A show that broke many hearts owing to the sudden and almost baffling writing choices in its last few episodes, Twenty Five Twenty One will no doubt be remembered for years to come for otherwise being a warm, lovely coming-of-age story. It was a show that immersed viewers into the world of five friends, set against the backdrop of the IMF crisis in South Korea in the late nineties. While the show had us all greatly invested in fencer Na Hee-Do and journalist Baek Yi-Jin’s (Kim Tae-Ri and Nam Joo-Hyuk in career-best performances) warmth and love until it all implodes, Twenty Five Twenty One was, above all, a story that celebrated friendships, and Hee-do and her fencing rival Ko Yu-Rim (Bona) get the most interesting trajectory.
A lot has been said about one of this year’s biggest global successes, Extraordinary Attorney Woo. Park Eun-Bin, playing lawyer Woo Young-Woo who is on the autism spectrum, was backed by sensitive, empathetic writing and the legal drama delved into several issues ranging from sexist workplace policies, discrimination, and abuse. It is this sort of writing that we hope to see more of, and the promise of a second installment is exciting. Another affecting legal drama this year, Juvenile Justice, took a sobering look at juvenile crimes and society at large through the eyes of a judge played by Kim Hye-Soo.

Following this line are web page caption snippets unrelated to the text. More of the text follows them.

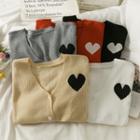Heart-print Slim-fit Cardigan In 6 Colors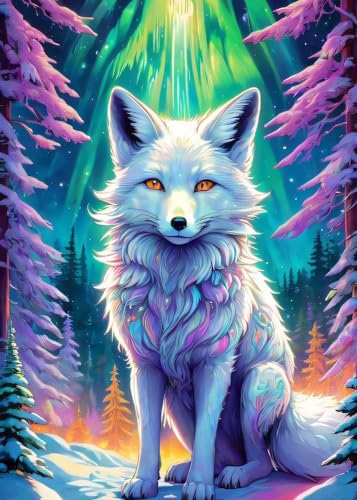 GLXPOG Diamond Painting Weißer Fuchs 5D Diamant Painting Bilder Set, Fantasie Diamant Art Malerei Painting Kit für Erwachsene, DIY Strass Stickerei Malerei Wand Dekor 30x40cm von GLXPOG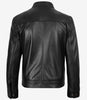 Schwarze Lederjacke Owen im Biker-Stil für Herren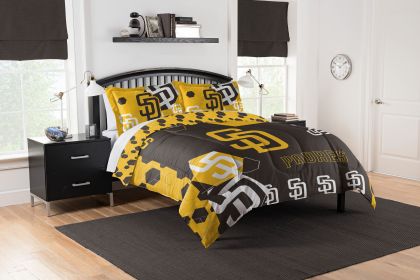 Padres OFFICIAL MLB "Hexagon" Full/Queen Comforter & Shams Set; 86" x 86"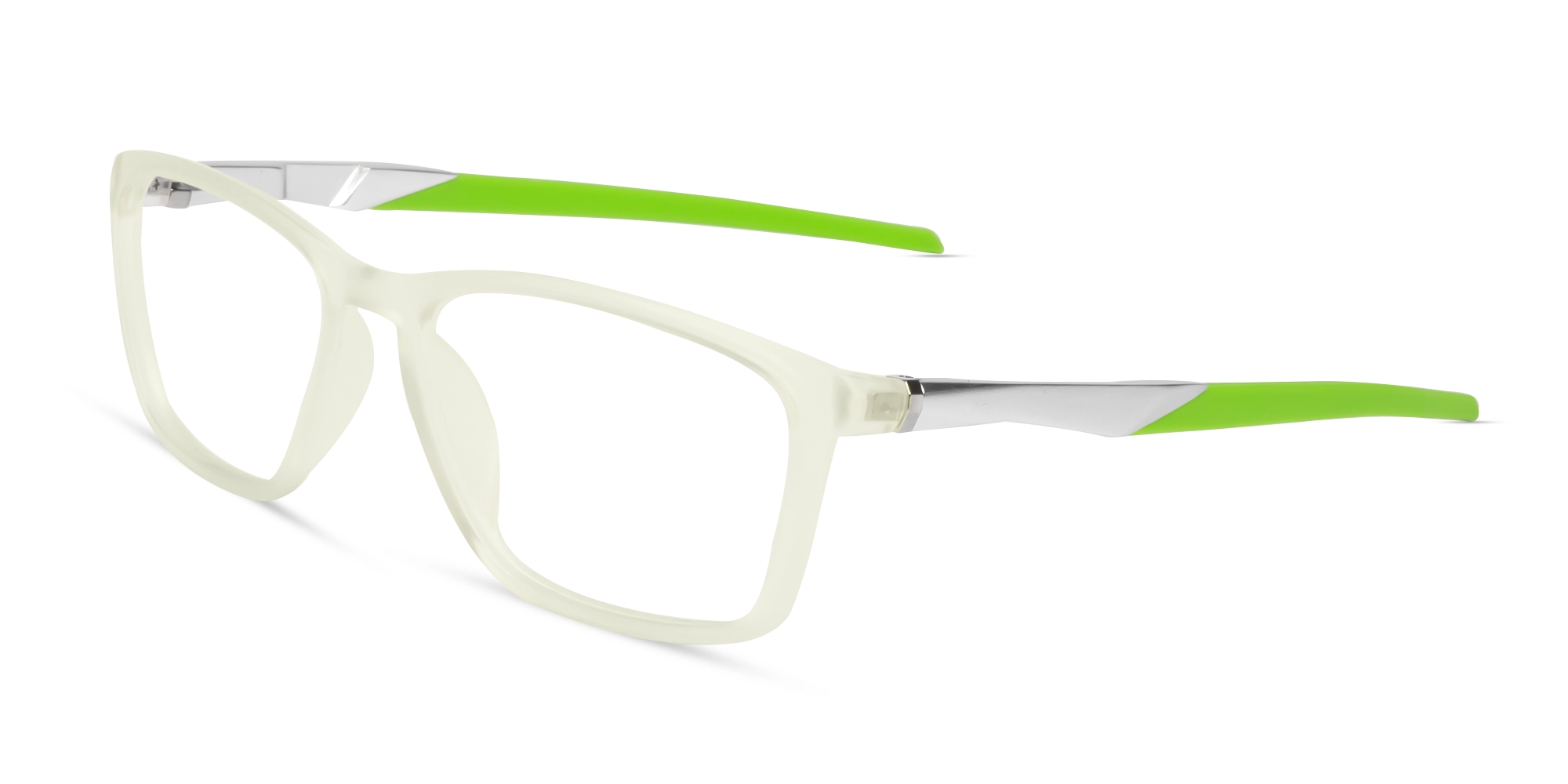 Dove White & Neon Rectangular Sports Glasses-3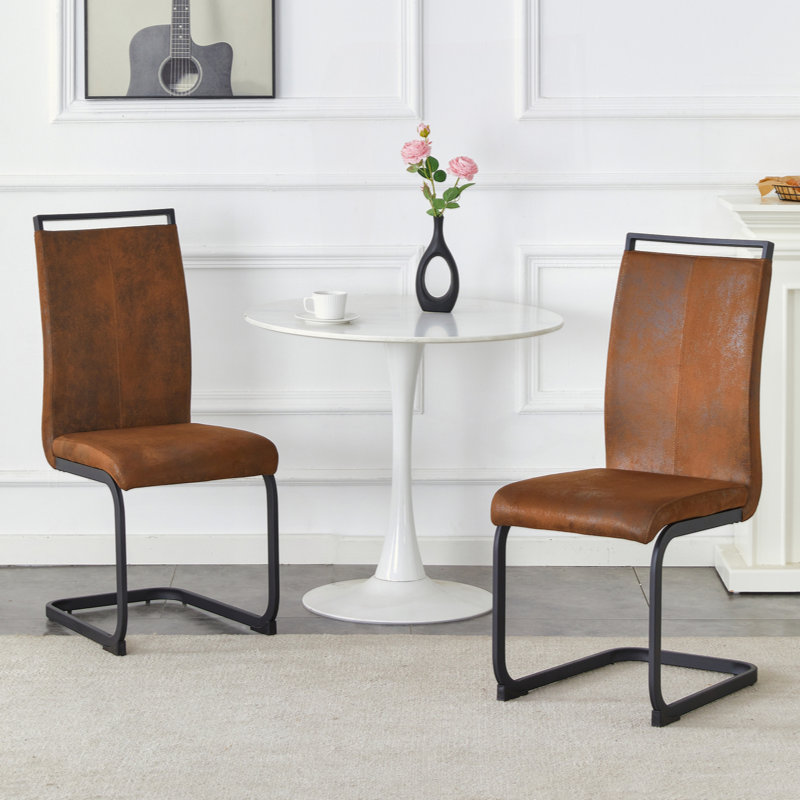 Chaises de salle à manger en suède de style rétro en tissu Tech, pieds en métal robustes pour des espaces de salle à manger intimes. Dossier arqué ergonomique + structure en métal renforcé. Ensemble de 2.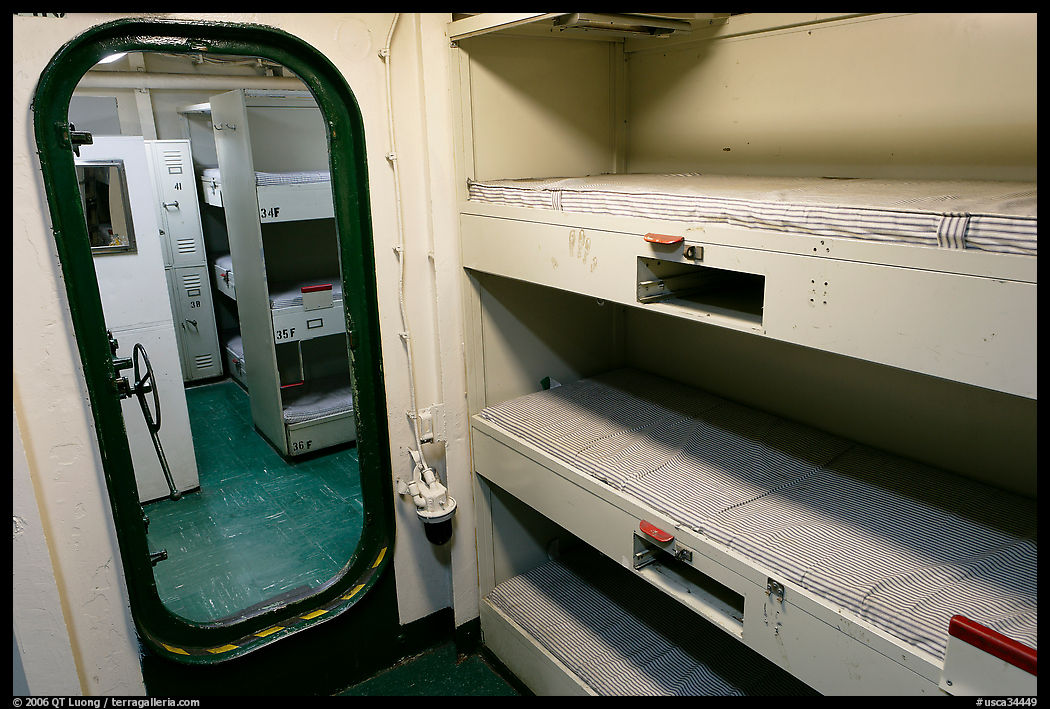 Berthing spaces, USS Midway. San Diego, California, USA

The affinity to Sageuks (historical dramas) continued, and in fact, grew even more in 2022. If the year began with the smash-hit The Red Sleeve which received great reviews and viewership ratings, it was followed by the fantasy and period drama Alchemy of Souls in June, written by the Hong Sisters, which delved very engagingly into magic, mages and soul switching. The second season of the hit show is currently airing. Under The Queen’s Umbrella, a Sageuk which has powerhouse performer Kim Hye-Soo play Queen Hwa-Ryeong has become both a ratings hit and is being lauded for its strong female lead; a Queen and mother who hustles to shape her sons into capable princes all while battling palace politics.
The show hasn’t completed its run yet, but Reborn Rich is already this year’s biggest ratings hit. Following Vincenzo, it seems like Song Joong-Ki is continuing his great run with picking scripts. Reborn Rich has also introduced many viewers to the powerhouse actor Lee Sung-Min, who plays Joong-Ki’s grandfather and head of the Soonyang Conglomerate. Razor-sharp writing with a good dose of nostalgia thrown in (given its setting through the ‘80s and ‘90s), this reincarnation drama has everyone on the edge of their seats.
Top trends and looking ahead to 2023
Following Squid Game, Netflix delivered another winner this year with the zombie apocalypse show All of Us Are Dead. Set in a high school, the show didn’t just stop with the quintessential gore and violence of the genre, but also invested time in its characters amidst the ensuing chaos. While Business Proposal continues to trend on Netflix’s top ten shows eight months after its release, there were only a few breezy, romantic comedies this year that managed to strike gold like they did.
After a shaky start, Shooting Stars, starring Lee Sung-Kyung and Kim Young-Dae, and set in the world of entertainment, had several sweet moments, as did the smaller shows like Once Upon a Small Town (which follows a hot-shot city veterinarian move to a village), campus romance Dear M and sports drama Love All Play. Shows that came with considerable hype including Song Hye-Kyo and Jang Ki-Young’s Now We Are Breaking Up, and Forecasting Love and Weather, starring Park Min-Young and Song Kang, didn’t quite find their footing.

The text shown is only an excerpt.